Action item:
Could you print each entry below verbatim while omitting the pictures?

Entries provided:
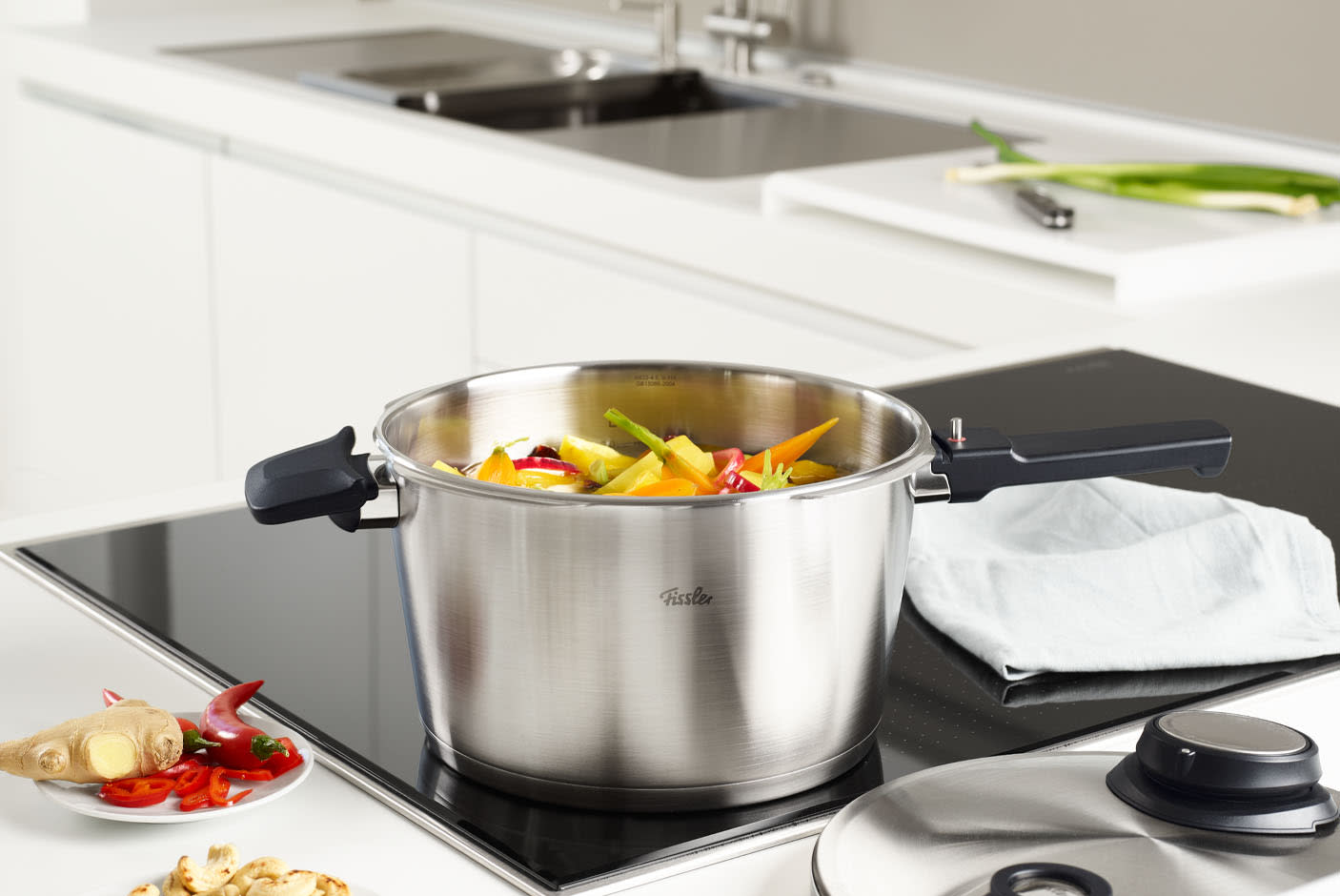 3915387_TILE1_000000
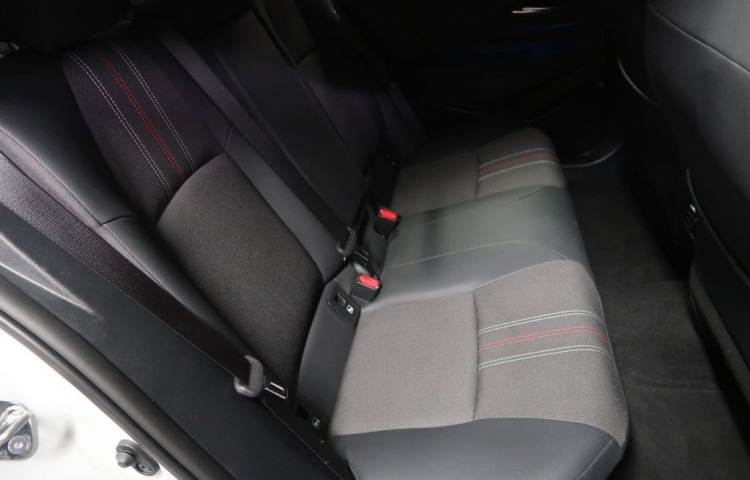 Toyota Corolla 1.8Hybrid,CZ,1Maj,GR Sport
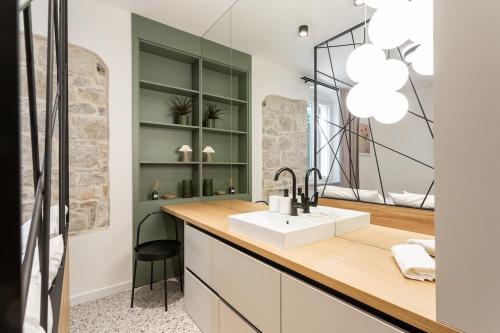 LAVIE LOFT Brand New Two-Level Duplex, 2 bathrooms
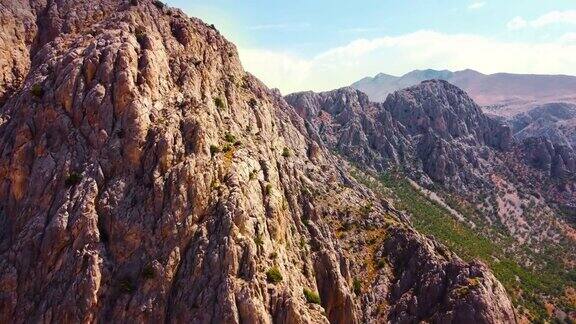 巨大的岩石陡峭的悬崖峡谷土耳其戏剧性的地质奇观美丽的背景和不寻常的风景鸟瞰4k空中无人机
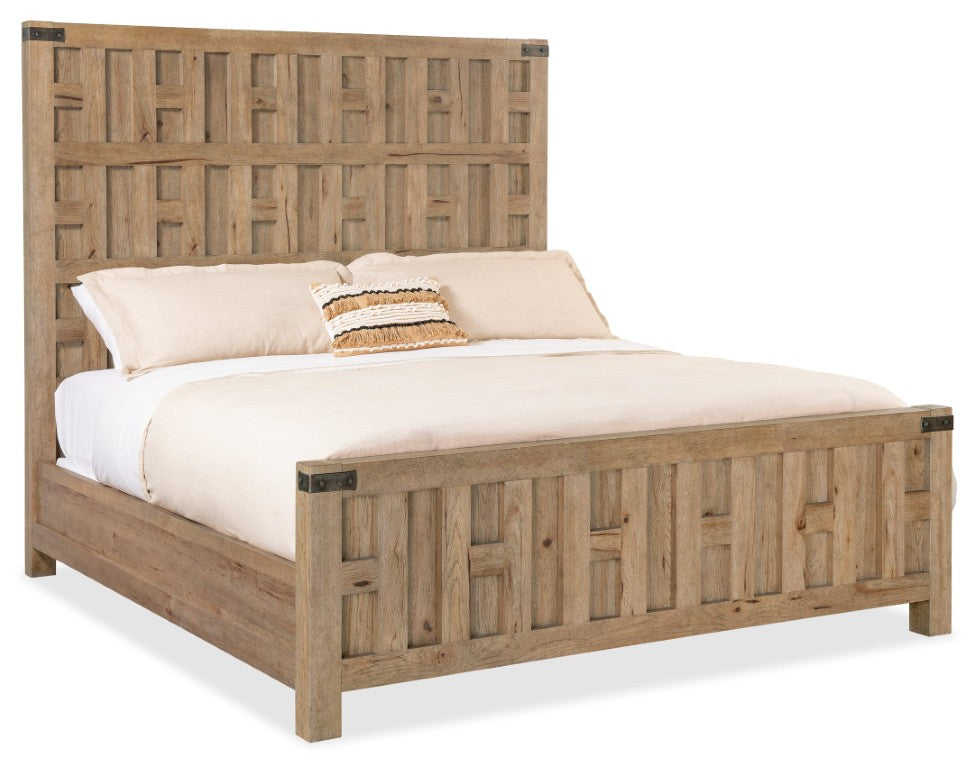 Hooker Furniture Vineyard Row Queen Panel Bed With Sonoma Pecky Hickory Finish, Fretwork & Hammered Metal Accents 88.50 L x 80.25W x 74.00H 6952-90266-80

Exercise output:
 3915387_TILE1_000000
 Toyota Corolla 1.8Hybrid,CZ,1Maj,GR Sport
 LAVIE LOFT Brand New Two-Level Duplex, 2 bathrooms
 巨大的岩石陡峭的悬崖峡谷土耳其戏剧性的地质奇观美丽的背景和不寻常的风景鸟瞰4k空中无人机
 Hooker Furniture Vineyard Row Queen Panel Bed With Sonoma Pecky Hickory Finish, Fretwork & Hammered Metal Accents 88.50 L x 80.25W x 74.00H 6952-90266-80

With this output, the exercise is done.